In terms of the separation concept, vacuum cleaners without filter bags and vacuum cleaners with filter bags can be distinguished. These apparatuses each have typical advantages and disadvantages.

Vacuum cleaners with filter bags are characterized by a high air flow. When the filter bag is increasingly filled, however, the air flow is reduced to a higher or lesser degree. Until about the year 2000, filter bags made of paper were primarily used. When testing the reduction of the maximum air flow with a partially filled dust container analogous to EN 60312, such paper filter bags show an air stream drop of about 80% (or 60% when using an inner tissue, respectively). Filter bags with non-woven material layers subsequently began slowly establishing themselves. Filter bags with non-woven material layers having a low dust collecting capacity were first used (SMS filter bag). With the introduction of filter bags made of non-woven materials having a capacity layer, this drop of air flow could be significantly reduced (see EP 0 960 645). When testing the reduction of the maximum air flow with a partially filled dust container analogous to EN 60312, such filter bags show an air stream drop of about 30%. Further improvements were achieved with pre-filtration using loose fibers in the bag (DE 10 2007 060 747, DE 20 2007 010 692 and WO 2005/060 807), or pre-separation by a bag in a bag (WO 2010/000453, DE 20 2009 002 970 U1 and DE 20 2006 016 303 U1).

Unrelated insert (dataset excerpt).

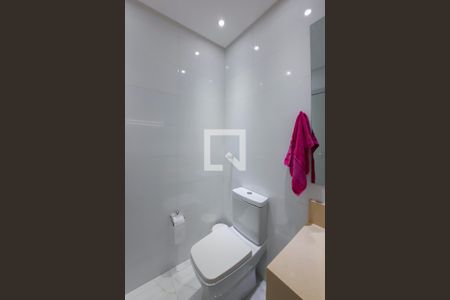 Lavabo de casa à venda com 3 quartos, 200m² em Vila Santa Luzia, São Bernardo do Campo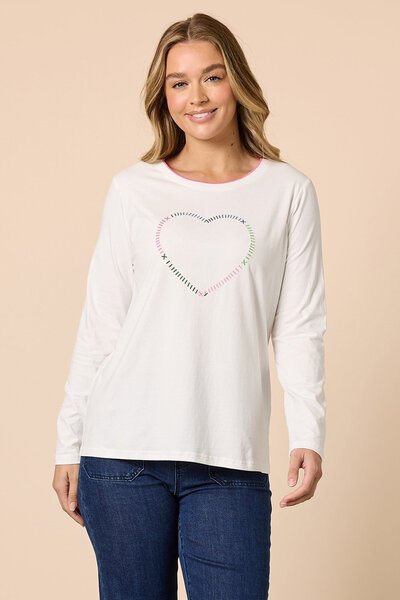 Threadz The Cupid Tee-shop-by-label-Hello Cyril.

Flow deflections or flow distributions in the filter bag are proposed in EP 1915 938, DE 20 2008 016 300, DE 20 2008 007 717 U1 (dust holding insert), DE 20 2006 019 108 U1, DE 20 2006 016 304 U1, EP 1 787 560 and EP 1 804 635. When testing the reduction of the maximum air flow with a partially filled dust container analogous to EN 60312, an air flow drop of about 15% can be obtained with such filter bags. Further improvement of the constancy of the suction capacity is therewith achieved. European patent applications 10002964.4, 10163463.2, and 10163462.2 disclose improved dust-holding capacity by pleating the filter material or by providing the filter bag with so-called surface folds. European patent application 10009351.7 shows how optimized positioning of the bag in the vacuum cleaner can improve the constancy of the suction capacity. When testing the reduction of the maximum air flow with a partially filled dust container analogous to EN 60312, such filter bags show an air stream drop of about 5%.

With regard to the hygienic disposal of the dust sucked up, holding plates have been developed with which the filter bag is manually, semi-automatically or automatically sealed prior to removal from the vacuum cleaner (e.g., EP 2 012 640).

Bagless vacuum cleaners—in particular cyclone vacuum cleaners—are indeed characterized by the air flow remaining substantially constant when the dust collection container fills with dust. The constant air flow of a cyclone vacuum cleaner is at a first glance an advantage compared to vacuum cleaners with filter bags that clog to a greater or lesser degree when the filter bag is increasingly filled, whereby the air flow is reduced accordingly. This, however, is offset by a very high electric nominal rated input of the cyclone vacuum cleaners. This high rated input is required due to the high losses being caused by the separation principle, namely the loss for maintaining the high rotational speed of the dust-laden air in the cyclone separator.

It was by combining multiple cyclone separators to multistage cyclones attempted to increase the degree of efficiency and the separation performance (EP 0042723). An air flow of 33 l/s can be achieved with such vacuum cleaning apparatuses. However, this is offset by a nominal rated input of over 2000 W. With cyclone vacuum cleaners having an electrical rated input of 1400 W, an air flow of 25 l/s can be realized.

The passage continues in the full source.